[[ PROVIDED INFORMATION open ]]
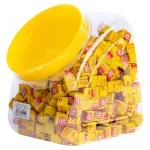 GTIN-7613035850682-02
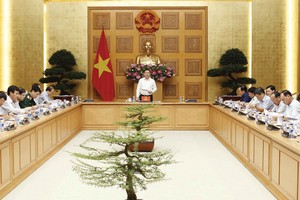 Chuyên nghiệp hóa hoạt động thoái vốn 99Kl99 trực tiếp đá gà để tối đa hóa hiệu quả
[[ PROVIDED INFORMATION closed ]]
[[ PROVIDED INFORMATION open ]]
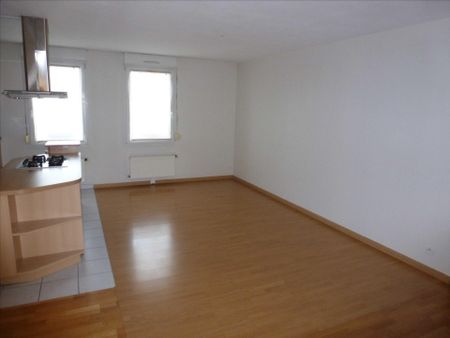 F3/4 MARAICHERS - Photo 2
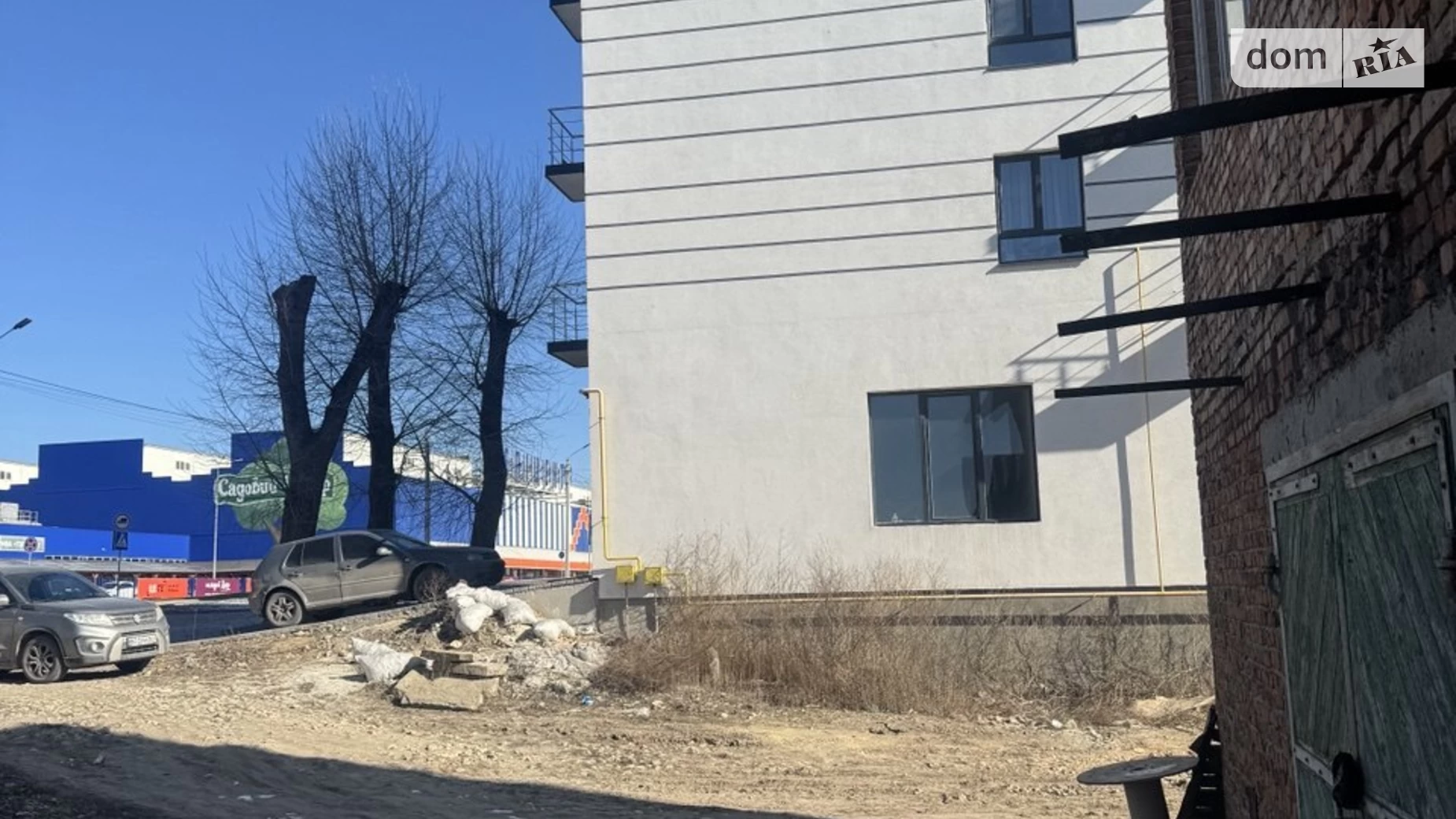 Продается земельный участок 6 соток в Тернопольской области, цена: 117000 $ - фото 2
[[ PROVIDED INFORMATION closed ]]
ACTIVITY —
Excluding any pictures, print exactly the lines of the listing above from the line with "F3/4 MARAICHERS - Photo 2" to the line with "Продается земельный участок", both ends included.

EXERCISE SOLUTION —
 F3/4 MARAICHERS - Photo 2
 Продается земельный участок 6 соток в Тернопольской области, цена: 117000 $ - фото 2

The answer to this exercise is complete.